Problem to work on -
Once you find the line below that has "Dear viewers, I", output it and every line after it exactly, stopping after the line that has "Welcome to this", with no pictures.

Data records -
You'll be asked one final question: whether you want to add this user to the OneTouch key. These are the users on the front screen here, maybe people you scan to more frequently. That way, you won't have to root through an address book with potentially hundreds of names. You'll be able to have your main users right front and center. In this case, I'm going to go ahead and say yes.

--

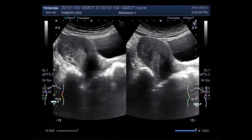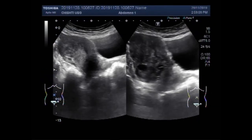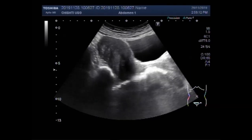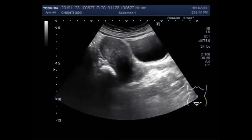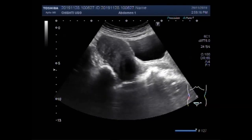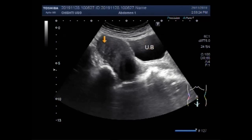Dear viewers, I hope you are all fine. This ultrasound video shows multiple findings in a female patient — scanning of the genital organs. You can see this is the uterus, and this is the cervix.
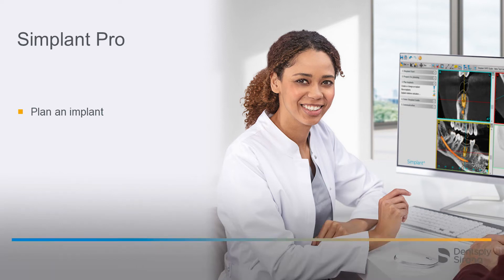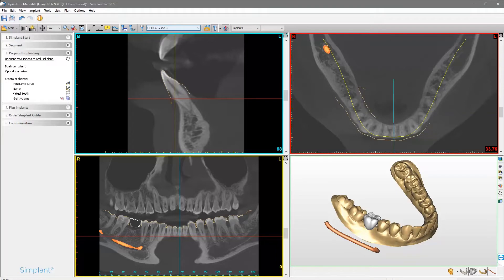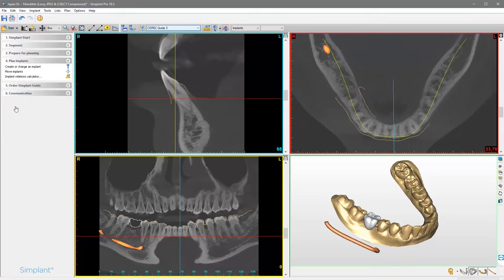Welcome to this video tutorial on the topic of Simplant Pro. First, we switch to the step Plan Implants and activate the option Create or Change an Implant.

...

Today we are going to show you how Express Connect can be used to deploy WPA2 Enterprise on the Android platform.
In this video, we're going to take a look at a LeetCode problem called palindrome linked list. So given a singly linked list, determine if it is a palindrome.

Solved problem -
Dear viewers, I hope you are all fine. This ultrasound video shows multiple findings in a female patient — scanning of the genital organs. You can see this is the uterus, and this is the cervix.
Welcome to this video tutorial on the topic of Simplant Pro. First, we switch to the step Plan Implants and activate the option Create or Change an Implant.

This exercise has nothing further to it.